==== The data

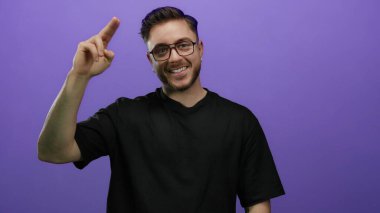 Sakallı, gözlüklü, parmakları mor arka planda selam veren, günlük siyah gömlek giyen, stüdyo ortamında dostane ve cana yakın bir jest yapan genç bir adam..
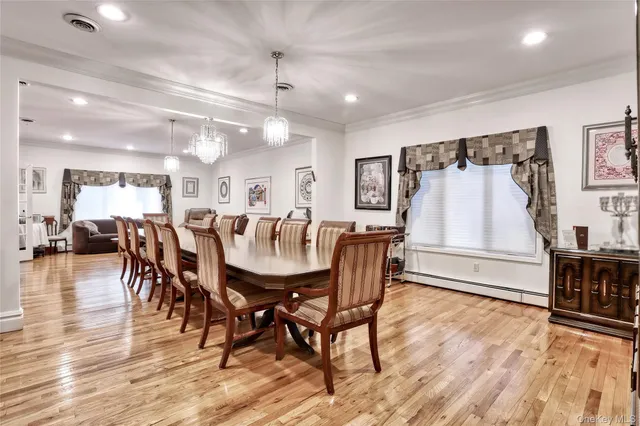 a dining room with wooden floor a chandelier a wooden table and chairs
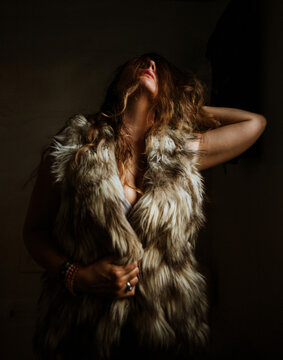 Woman tilting head back in fur coat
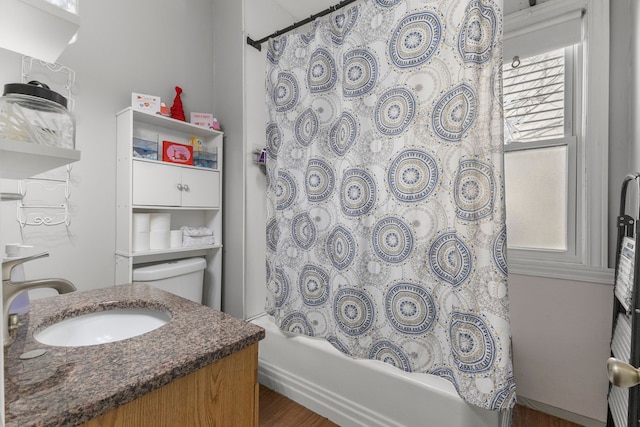 full bathroom with toilet, shower / bath combo with shower curtain, and vanity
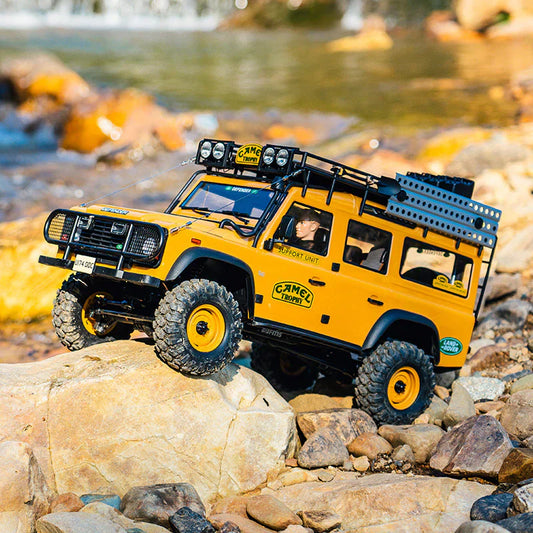 Yellow RC Land Rover Defender climbing rocks near a stream, featuring Camel Trophy decals and rugged off-road details.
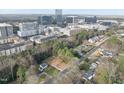 Aerial view of a vacant lot for sale in established neighborhood with nearby cityscape in the distance at 216 Dartmouth Rd, Raleigh, NC 27609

========

What you have to do | A word-for-word copy of the entries is needed, with no pictures in it.

Solution for this task |
 Sakallı, gözlüklü, parmakları mor arka planda selam veren, günlük siyah gömlek giyen, stüdyo ortamında dostane ve cana yakın bir jest yapan genç bir adam..
 a dining room with wooden floor a chandelier a wooden table and chairs
 Woman tilting head back in fur coat
 full bathroom with toilet, shower / bath combo with shower curtain, and vanity
 Yellow RC Land Rover Defender climbing rocks near a stream, featuring Camel Trophy decals and rugged off-road details.
 Aerial view of a vacant lot for sale in established neighborhood with nearby cityscape in the distance at 216 Dartmouth Rd, Raleigh, NC 27609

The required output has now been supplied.